Despite representing different parts of the AI ecosystem, the speakers consistently focused on deployment, infrastructure, governance, workflow integration, and adoption.
The conversation reflected the broader shift happening across the industry of the questions transforming from what AI could do to how to actually use it at scale.
Today, leaders are increasingly asking how to make AI work reliably inside organizations and how to translate technical capability into measurable business outcomes.
The Question About the Next Generation
One audience question sparked a particularly thoughtful discussion.
An attendee wondered whether AI might be the first major technology wave that younger generations seemed hesitant to embrace.
Drawing on conversations I've had while speaking at campuses such as Stanford and De Anza College, I shared a different perspective. In my experience, students are not disengaged from AI. If anything, they are paying very close attention. What many are struggling with is uncertainty.
They are entering a job market that feels increasingly competitive while simultaneously hearing that AI may reshape many of the entry-level roles that traditionally helped people launch their careers. The question isn't whether they care about AI. It's what AI means for their future.
The audience responded with a noticeable sense of empathy. While much of the AI conversation focuses on innovation and opportunity, this moment reminded us that technological transformation also creates real questions about careers, identity, and what comes next for the next generation of workers.
What This Means for the Future of AI
What struck me most was not any individual panelist's perspective but how consistently the same themes surfaced across very different domains.
The venture capitalist talked about trust.
The developer tooling leader talked about workflow transformation.
The cloud infrastructure expert talked about operational readiness.
The founder talked about human connection.
On the surface, these seem like very different conversations. Underneath them was the same challenge:
Organizations are no longer asking whether AI matters. They are asking how to integrate it successfully into existing systems, teams, and workflows.
That question has surfaced repeatedly across WOMEN x AI events, executive workshops, AI Advantage cohorts, and community discussions over the past year.
Whether someone is a founder, engineer, executive, investor, or board member, the conversation is shifting in the same direction.
The AI industry spent the last few years focused on AI capability. The next phase will be defined by AI adoption.
Who Gets to Shape the Future of AI?

One of the moments that stayed with me happened after the panel concluded.

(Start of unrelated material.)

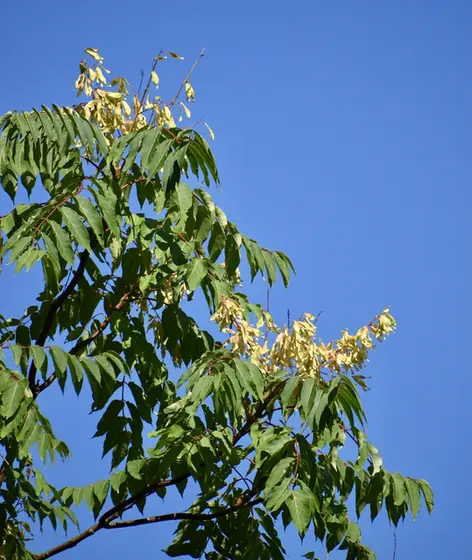 Ailanthus altissima — port de la plante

I found myself speaking with a woman navigating a career transition, a philosopher thinking about the societal implications of AI, and an engineer focused on AI implementation. They came from completely different backgrounds, yet all three were wrestling with the same fundamental question: What comes next, and how can we help shape it?
That conversation captured something important about this moment in AI. People are no longer debating whether AI matters. They are trying to understand how to participate in its future.
If there was one idea I hope attendees carried with them after the session, it was this:
More people should have a voice in determining what AI becomes.
The future of AI should not be determined solely by researchers, executives, investors, or technology companies. It should also be shaped by practitioners, educators, students, community leaders, and the people whose lives and careers will be affected by these technologies every day.
That belief sits at the heart of WOMEN x AI. Because the future of AI will not be built by a handful of people. It should be shaped by all of us.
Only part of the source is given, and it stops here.